Collected data
################

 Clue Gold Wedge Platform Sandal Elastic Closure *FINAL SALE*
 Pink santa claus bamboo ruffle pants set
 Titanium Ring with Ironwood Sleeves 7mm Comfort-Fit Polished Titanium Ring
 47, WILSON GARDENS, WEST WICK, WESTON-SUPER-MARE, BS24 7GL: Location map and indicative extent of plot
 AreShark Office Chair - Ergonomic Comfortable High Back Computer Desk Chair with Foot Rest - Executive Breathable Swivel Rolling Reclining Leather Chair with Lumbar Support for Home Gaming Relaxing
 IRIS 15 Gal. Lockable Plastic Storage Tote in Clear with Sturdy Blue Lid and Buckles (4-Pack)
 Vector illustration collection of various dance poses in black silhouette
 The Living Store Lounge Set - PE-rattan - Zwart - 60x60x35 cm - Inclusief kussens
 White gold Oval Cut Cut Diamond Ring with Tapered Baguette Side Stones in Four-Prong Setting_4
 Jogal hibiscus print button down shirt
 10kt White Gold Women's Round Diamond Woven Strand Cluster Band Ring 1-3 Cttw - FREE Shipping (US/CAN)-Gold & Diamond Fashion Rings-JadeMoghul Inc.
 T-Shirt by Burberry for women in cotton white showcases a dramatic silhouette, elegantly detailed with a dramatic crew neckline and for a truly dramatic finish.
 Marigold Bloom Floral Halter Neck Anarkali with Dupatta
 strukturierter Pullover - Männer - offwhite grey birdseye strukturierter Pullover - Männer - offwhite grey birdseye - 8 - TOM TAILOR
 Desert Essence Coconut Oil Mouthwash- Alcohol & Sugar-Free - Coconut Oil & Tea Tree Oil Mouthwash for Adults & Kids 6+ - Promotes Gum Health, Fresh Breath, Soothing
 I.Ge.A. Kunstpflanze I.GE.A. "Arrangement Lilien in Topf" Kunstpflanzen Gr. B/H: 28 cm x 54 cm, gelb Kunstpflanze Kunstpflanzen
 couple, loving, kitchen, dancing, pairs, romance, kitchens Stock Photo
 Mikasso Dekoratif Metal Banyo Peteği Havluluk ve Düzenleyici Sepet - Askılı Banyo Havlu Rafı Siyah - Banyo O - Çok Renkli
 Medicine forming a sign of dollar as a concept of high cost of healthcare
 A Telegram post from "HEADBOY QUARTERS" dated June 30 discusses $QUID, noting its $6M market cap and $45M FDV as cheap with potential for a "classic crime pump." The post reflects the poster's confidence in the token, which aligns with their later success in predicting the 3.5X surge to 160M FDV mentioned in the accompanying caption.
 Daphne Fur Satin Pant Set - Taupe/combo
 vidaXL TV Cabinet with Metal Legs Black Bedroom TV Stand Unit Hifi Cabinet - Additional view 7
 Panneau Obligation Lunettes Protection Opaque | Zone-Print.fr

################

**WHAT THE EXERCISE ASKS:** From the records above, transcribe without alteration every line from the one with "couple, loving, kitchen, dancing, pairs, romance, kitchens" to the one with "Medicine forming a", inclusive.

**TASK OUTPUT:**
 couple, loving, kitchen, dancing, pairs, romance, kitchens Stock Photo
 Mikasso Dekoratif Metal Banyo Peteği Havluluk ve Düzenleyici Sepet - Askılı Banyo Havlu Rafı Siyah - Banyo O - Çok Renkli
 Medicine forming a sign of dollar as a concept of high cost of healthcare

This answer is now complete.